In the meantime, I'll stick with software I can *prove* isn't crappy... you know the kind you can freely overlook the source and change it if you'd like.

If work wants to provide me with a MS OS-based laptop (along with plenty of licenses as they're a partner), all the better.

Otherwise, I'm more than happy to free the OS from the hardware.

Wait a minute... (1)

dangitman (862676) | more than 7 years ago | (#17876100)

There are people out there who license their shrinkwrap? That doesn't make any sense. I just buy mine in rolls from the office supply store. I can understand licensing something less tangible like software, but shrinkwrap?

Shameless Self-Promotion (1)

ewhac (5844) | more than 7 years ago | (#17876374)

This is an essay [vwh.net] I wrote over ten years ago on the subject of shrinkwrap "licenses". Were I writing the essay today, I'd probably spend some time drawing a distinction between end-user "licenses" and the GPL. But my opinion remains essentially unchanged.

I never thought I was alone in my wholesale rejection of such "contracts," but it's nice to see validation from industry luminaries from time to time.

Schwab

Stupid, pointless article. (0, Flamebait)

evilviper (135110) | more than 7 years ago | (#17877190)

All he's got are some general, highly exaggerated stereotypes to spout out. Just two actual examples, which aren't that significant, and sure as hell don't lead him to the conclusion that you're going to be sued (when MICROSOFT goes out of business and sells their rights to a patent troll??? What?)

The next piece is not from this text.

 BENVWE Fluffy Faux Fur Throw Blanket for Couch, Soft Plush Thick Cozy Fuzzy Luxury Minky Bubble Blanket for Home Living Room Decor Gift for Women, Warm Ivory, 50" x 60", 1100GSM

Anybody who bothered to read a clickwrap or shrinkwrap agreement would never install any software, click on any link on the Web, open an account with anyone, or even shop at many retail stores.
I have, and do. I'm a meticulous person that way. It hasn't stopped me from doing any of the above.

1) No sane person would agree to its text, and
I do believe I'm sane... License terms are reasonable for 90% of everything out there, and just what you'd expect before even reading it. ie. You agree we aren't liable if this doesn't work, You agree to sue us in our county or state, etc.

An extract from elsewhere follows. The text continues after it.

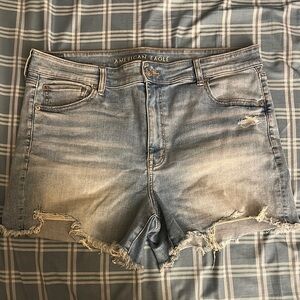 American Eagle Outfitters Light Blue Distressed Jean Shorts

It's only that last 10% of software that I absolutely refuse to install. Usually there's only a passing mention of software from some different company, in one line, near the end, to indicate a dozen pieces of spyware bundled with your program. With that, I "opt out" and delete the program/installer, and look elsewhere.

2) Even if you disagree, no one will negotiate a better agreement with you?
For software that more than a handful of people would ever want to use, there's always some other alternative, with a license that isn't so incredibly underhanded.

Certainly, Windows XP and Vista qualifies. So long as my copy of 2000 (or NT4, 98, 95, Win 3.11, Dos 6) works for the Windows-only software I only occasionally need to use, I'm not even going to CONSIDER upgrading. And no more machines pre-loaded, either. I can go to pricewatch find a fully customizable, no-OS system cheaper anyhow.

have you seen the fine print on their credit-card slips?
Since I don't use credit cards... No. Nor do I care.

When returning products to Best Buy, however, I do stand at the front of the line, reading the paper they want me to sign... verbatim. They ALWAYS tell me it's just a standard form, and that they'll give me a copy to read later... AFTER I sign it. I'm more than happy to hold up their line, since they insist I agree to the legalese they've thrust upon me, for no good reason.